* [What is required]:
Repeat the entries below word for word, though any picture in them should be dropped.

- - - - - - -

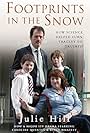 Caroline Quentin, Kevin Whately, and George MacKay in Footprints in the Snow (2005)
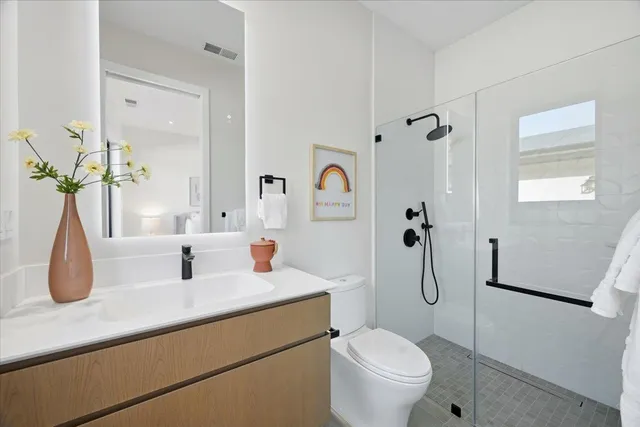 $3,680,000 | 1340 Norman Drive, Sunnyvale, CA 94087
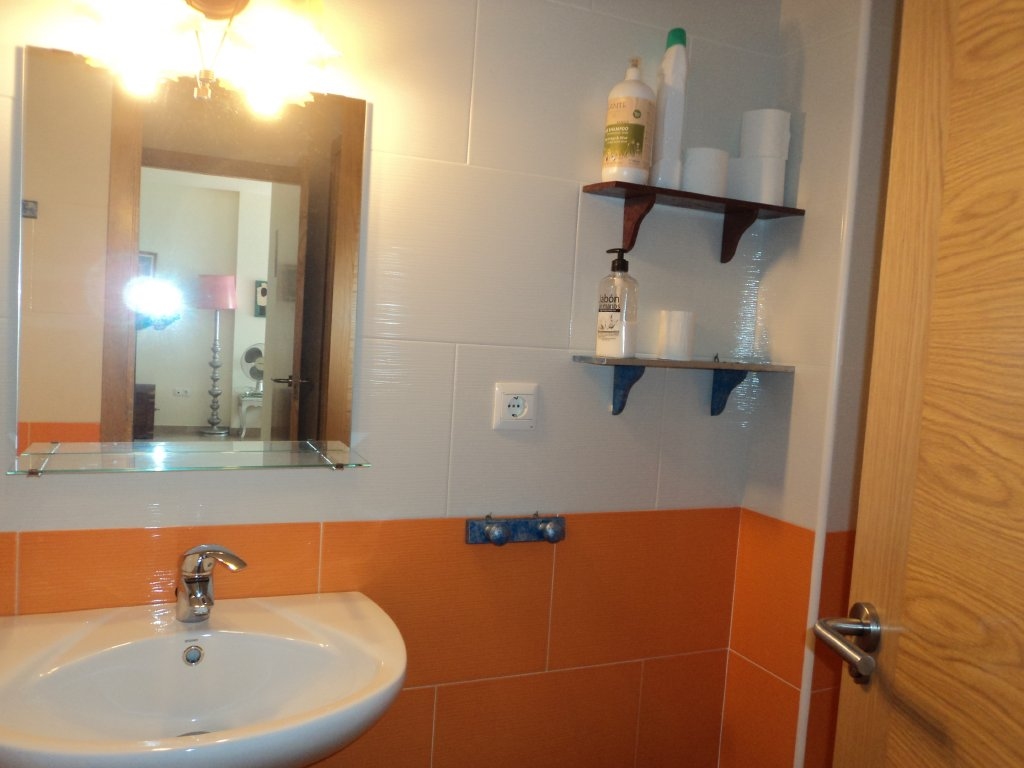 Apartamento en venta en Chipiona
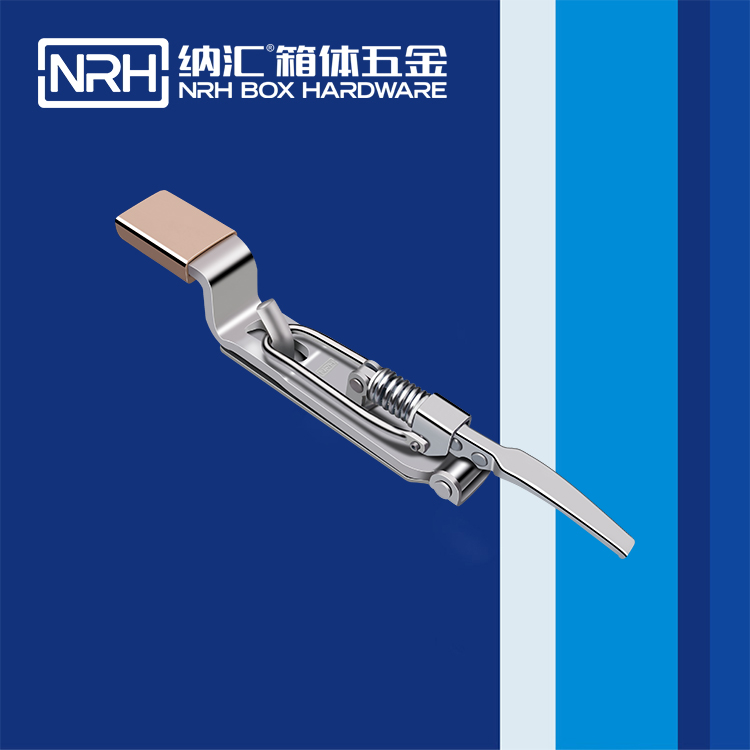 午夜羞羞在线观看/NRH 5708-459 工業金屬鎖扣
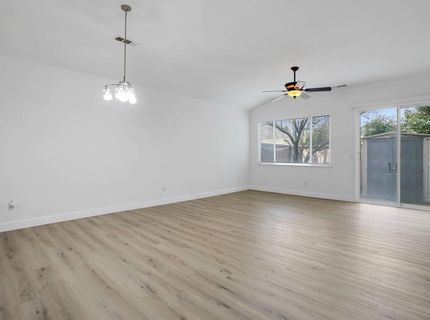 9511 Theresa Cir, Stockton, CA 95209 Photo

- - - - - - -

* [Expected answer]:
 Caroline Quentin, Kevin Whately, and George MacKay in Footprints in the Snow (2005)
 $3,680,000 | 1340 Norman Drive, Sunnyvale, CA 94087
 Apartamento en venta en Chipiona
 午夜羞羞在线观看/NRH 5708-459 工業金屬鎖扣
 9511 Theresa Cir, Stockton, CA 95209 Photo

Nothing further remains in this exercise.